Marwiyah, seorang ibu dari tiga anak, tak mampu menyembunyikan kesedihannya. Bangunan yang telah puluhan tahun melindunginya dari panas dan hujan kini hanya menyisakan puing-puing. Yang berdiri menggantikannya adalah bangunan papan bercat biru yang lebih mirip gudang daripada sebuah rumah layak huni.

"Saya tidak pernah diajak bicara mengenai desain atau bentuk bangunan yang baru," ungkap Marwiyah dengan nada pilu. Ia hanya bisa pasrah ketika seluruh bagian rumahnya dibongkar oleh pemborong, dengan janji akan dibangun kembali menjadi lebih baik berkat bantuan BSPS.

Awalnya, kabar mengenai bantuan BSPS menjadi secercah harapan bagi Marwiyah. Ia membayangkan rumah yang dulu ditempatinya bersama almarhum suaminya, Isra', akan berdiri lebih kokoh dan nyaman. Namun, mimpi itu hancur berkeping-keping ketika melihat wujud bangunan pengganti yang jauh dari harapan.

Bangunan baru tersebut berukuran sekitar 4 meter x 6 meter, dengan cat biru mencolok dan celah di sana-sini. Marwiyah merasa bangunan itu lebih pantas disebut gudang daripada rumah. Ia bahkan sempat mengusulkan agar uang bantuan saja yang diberikan, namun usulannya ditolak oleh pelaksana program.

"Saya hanya dapat bantuan papan. Genting, tiang kayu, bahkan engsel pintu, semua adalah sisa dari rumah saya yang lama," jelas Marwiyah. Ia juga menegaskan bahwa dirinya tidak pernah menerima uang tunai sepeser pun dari program BSPS.

Lebih lanjut, Marwiyah mengungkapkan bahwa ukuran bangunan baru tersebut lebih kecil dari rumahnya yang lama. Pemasangan papan yang tidak rapi juga menyebabkan banyak celah di dinding, membuat rumah tersebut tidak nyaman untuk ditinggali.

Setelah pembangunan selesai, Marwiyah dan penerima bantuan lainnya dikumpulkan di rumah seorang perangkat desa. Di sana, ia masih dimintai uang sebesar Rp 60.000 dengan alasan untuk biaya materai. Karena tidak memiliki uang, Marwiyah hanya bisa meminta maaf.

Rio, cucu Marwiyah, menambahkan bahwa neneknya kini lebih sering menumpang tinggal di rumah anak keduanya, Ibnu. Bangunan yang seharusnya menjadi solusi, justru menambah beban hidup Marwiyah.

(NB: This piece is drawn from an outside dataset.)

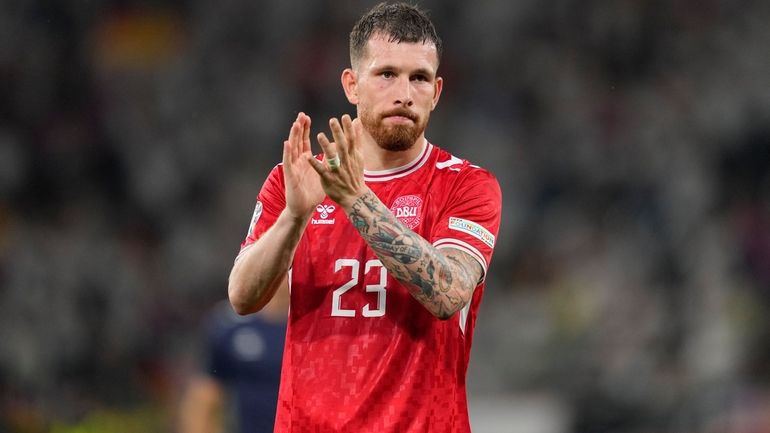 Denmark's Pierre-Emile Hojbjerg applauds fans after a round of sixteen...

Sempat ada upaya perbaikan dengan memasang sekat kayu untuk membuat kamar. Namun, bagi Marwiyah, hal itu tidak bisa mengembalikan kenangan dan kenyamanan dari rumahnya yang telah hilang.

"Sudah selesai dibangun sejak akhir tahun 2024 lalu. Mau bagaimana lagi, saya sudah pasrah, tapi sebenarnya berat," ujar Marwiyah dengan nada getir.

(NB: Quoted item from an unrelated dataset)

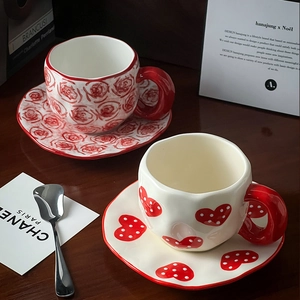 Macro shot of handmade ceramic coffee cup sets with hand-painted rose and heart patterns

Kasus yang menimpa Nenek Marwiyah hanyalah satu dari sekian banyak permasalahan dalam program BSPS di Kabupaten Sumenep. Inspektur Jenderal (Irjen) Kementerian Perumahan dan Kawasan Permukiman (PKP) Republik Indonesia bahkan telah melaporkan dugaan pemotongan dana program BSPS. Laporan tersebut dibuat setelah Irjen PKP melakukan inspeksi mendadak dan menemukan 18 temuan penyimpangan, termasuk bantuan yang salah sasaran, upah pekerja yang tidak dibayarkan, dan kondisi bangunan yang tidak sesuai dengan laporan.

Kabupaten Sumenep sendiri merupakan salah satu penerima program BSPS terbesar, dengan anggaran mencapai Rp 109,80 miliar untuk 5.490 unit rumah. Sementara itu, anggaran program BSPS secara nasional mencapai Rp 445,81 miliar untuk 22.258 penerima.